The Space Command’s establishment represents the UK’s commitment to the seven-nation Combined Space Operations grouping, which also involves Australia, Canada, France, Germany, New Zealand and the USA. “The initiative seeks to improve cooperation, coordination, and interoperability opportunities in space, with main efforts focussed on ensuring a safe, secure and stable space domain,” the RAF says.

“By 2030, the government’s ambition is for the UK to have the ability to monitor, protect and defend our interests in and through space, using a mixture of sovereign capabilities and burden-sharing partnerships with our allies,” the MoD says.

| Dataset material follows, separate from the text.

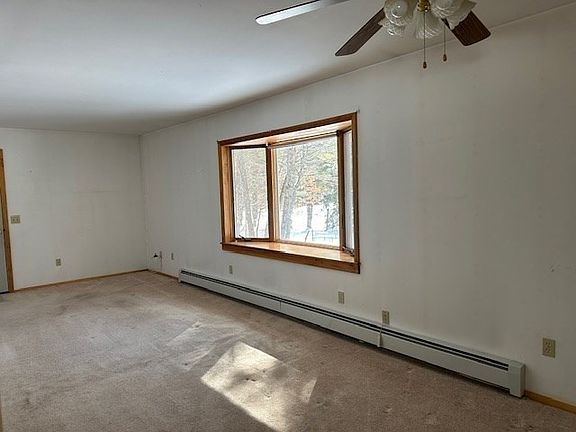 5th image of 61 Fuller Rd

“As a priority, we will establish a space cloud to harvest the terabytes of Space-derived data across a truly borderless domain; whilst establishing a space-based ISR programme to deliver a sovereign multi-spectral ISR constellation,” says Wigston.

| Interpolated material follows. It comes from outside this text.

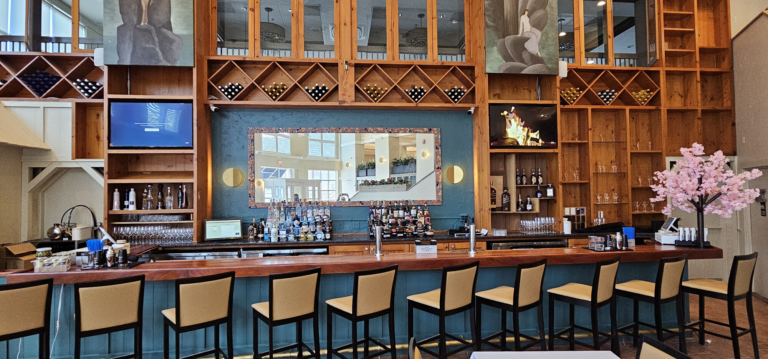 Let’s Try … The Mauryas Bar & Lounge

The military has “adopted a truly integrated approach across Space Command, industry, our science labs and academia to maximise innovation and rapid capability development”, he adds.

Under current plans, a first satellite should be launched from UK soil during 2022, from a site in Scotland’s Shetland Islands. Cornwall Airport Newquay is also a planned host site for aircraft-conducted launches of small satellites, with Virgin Orbit planning to use an adapted Boeing 747-400 in this role. The RAF has one of its test pilots currently seconded to the company as one of the crew for its Cosmic Girl launch platform.

In 2018, the RAF’s Rapid Capabilities Office funded the launch of the Surrey Satellite Technology-built Carbonite-2 payload from India, with the system capable of proving real-time video from low-Earth orbit.

The MoD notes that the ability to host domestic satellite launches will “give greater strategic autonomy and flexibility in terms of what the UK puts into space, and when”.